[llvm] b2dcf62 - [NVPTX] fix emission for i1 load and extload (#99392)
via llvm-commits
llvm-commits at lists.llvm.org
Thu Jul 18 10:29:29 PDT 2024
Author: Meredith Julian
Date: 2024-07-18T10:29:24-07:00
New Revision: b2dcf62c514d3c9c143c85bd029d22098b92c38d
URL: https://github.com/llvm/llvm-project/commit/b2dcf62c514d3c9c143c85bd029d22098b92c38d
DIFF: https://github.com/llvm/llvm-project/commit/b2dcf62c514d3c9c143c85bd029d22098b92c38d.diff
LOG: [NVPTX] fix emission for i1 load and extload (#99392)
Currently, an illegal 2-byte load from a 1-byte global variable is being
generated. This change instead generates a 1-byte load and zero-extends
it to i16 register. This was always the intended behavior of the
function.
In addition, an i1 ext load of any kind needs to be promoted. A missing
setLoadExtAction for ISD::EXTLOAD was causing an "Unhandled source type"

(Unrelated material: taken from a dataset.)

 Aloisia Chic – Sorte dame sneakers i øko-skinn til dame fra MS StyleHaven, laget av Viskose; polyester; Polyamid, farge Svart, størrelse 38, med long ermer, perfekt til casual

unreachable due to an illegal i1 ext load during ISelDAGtoDAG (see below
bug).
Bug https://github.com/llvm/llvm-project/issues/98033.
Added:
llvm/test/CodeGen/NVPTX/i1-ext-load.ll
llvm/test/CodeGen/NVPTX/i1-load-lower.ll
Modified:
llvm/lib/Target/NVPTX/NVPTXISelLowering.cpp
Removed:
################################################################################
diff --git a/llvm/lib/Target/NVPTX/NVPTXISelLowering.cpp b/llvm/lib/Target/NVPTX/NVPTXISelLowering.cpp
index a2181b478c269..bc23998455a68 100644
--- a/llvm/lib/Target/NVPTX/NVPTXISelLowering.cpp
+++ b/llvm/lib/Target/NVPTX/NVPTXISelLowering.cpp
@@ -629,6 +629,7 @@ NVPTXTargetLowering::NVPTXTargetLowering(const NVPTXTargetMachine &TM,
for (MVT VT : MVT::integer_valuetypes()) {
setLoadExtAction(ISD::SEXTLOAD, VT, MVT::i1, Promote);
setLoadExtAction(ISD::ZEXTLOAD, VT, MVT::i1, Promote);
+ setLoadExtAction(ISD::EXTLOAD, VT, MVT::i1, Promote);
setTruncStoreAction(VT, MVT::i1, Expand);
}
@@ -2920,9 +2921,10 @@ SDValue NVPTXTargetLowering::LowerLOADi1(SDValue Op, SelectionDAG &DAG) const {
assert(LD->getExtensionType() == ISD::NON_EXTLOAD);
assert(Node->getValueType(0) == MVT::i1 &&
"Custom lowering for i1 load only");
- SDValue newLD = DAG.getLoad(MVT::i16, dl, LD->getChain(), LD->getBasePtr(),
- LD->getPointerInfo(), LD->getAlign(),
- LD->getMemOperand()->getFlags());
+ SDValue newLD = DAG.getExtLoad(ISD::ZEXTLOAD, dl, MVT::i16, LD->getChain(),
+ LD->getBasePtr(), LD->getPointerInfo(),
+ MVT::i8, LD->getAlign(),
+ LD->getMemOperand()->getFlags());
SDValue result = DAG.getNode(ISD::TRUNCATE, dl, MVT::i1, newLD);
// The legalizer (the caller) is expecting two values from the legalized
// load, so we build a MergeValues node for it. See ExpandUnalignedLoad()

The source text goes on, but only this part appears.